The jukebox paradigm is based on the operation of a music jukebox. Everyone in a room can hear what is being played on a music jukebox and song requests are made by individuals. These requests are queued, and then played in the order they are made. Anyone can make requests but everyone will hear what is played. Our jukebox paradigm offers some additional advantages. First, there can be multiple, distinct channels which means more choices for those who are just surfing. Second, the jukebox paradigm provides a visual interface about what programs are playing and scheduled. This provides an opportunity for viewers to have their decision influenced by what is already scheduled. Put another way, how many movie rental store customers know what they want to rent before entering the store? Most are influenced by the list of available titles or the suggestions of other customers or store employees. Viewers may scan the jukebox schedule and see something interesting which has only just started or will be starting soon.
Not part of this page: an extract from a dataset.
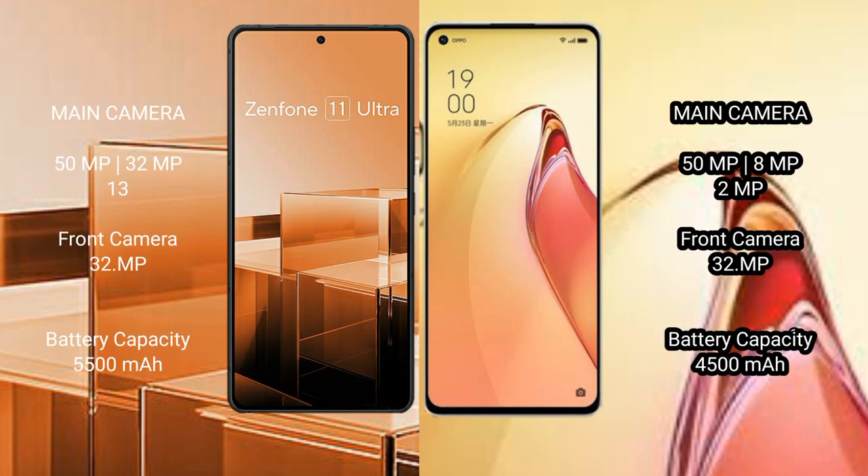Asus Zenfone 11 Ultra features a rear triple camera setup with 50MP, 13MP, and 32MP sensors, and a 32MP front camera.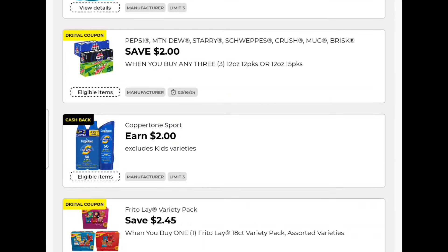Any Day Deal number one is the three Pepsi 12-packs, 3 for $15. A $2 coupon comes off, leaving you $13 out of pocket.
Third, there is opportunity to implement better scheduling policies than simple first-come, first-served.

One of the key features of the jukebox paradigm is that it is scalable while still providing a great deal of viewer choice. In the context of VoD systems, the term scalable means a system has the ability to provide service to additional viewers for a diminishing marginal cost. Using this definition, true VoD systems are unscalable because each additional viewer requires roughly the same set of resources required to deliver a program stream as was required by the previous viewer [1, 2]. On the other hand, near VoD is scalable because additional viewers can be accommodated by batching them with others who make the same program requests. One major disadvantage of near VoD is that there is still a relationship between the number of channels and the number of viewers. True bandwidth-limited systems may not be able to provide the additional channels needed to meet increased customer demand. Service will begin to degrade and customers will look elsewhere. The jukebox paradigm provides scalability using a fixed number of channels. Additional viewers can watch any channel for only the cost of joining the multicast group for that particular channel. The tradeoff with the jukebox paradigm is that as more viewers make requests the wait time for an individual viewer's request may increase. However, instead of being unable to watch anything, which occurs when a request is blocked in a VoD system, a viewer may be satisfied with something that is already playing or scheduled to start soon. The worst case occurs when there is a long wait time for a viewer's request and there is nothing in the schedule that interests the viewer.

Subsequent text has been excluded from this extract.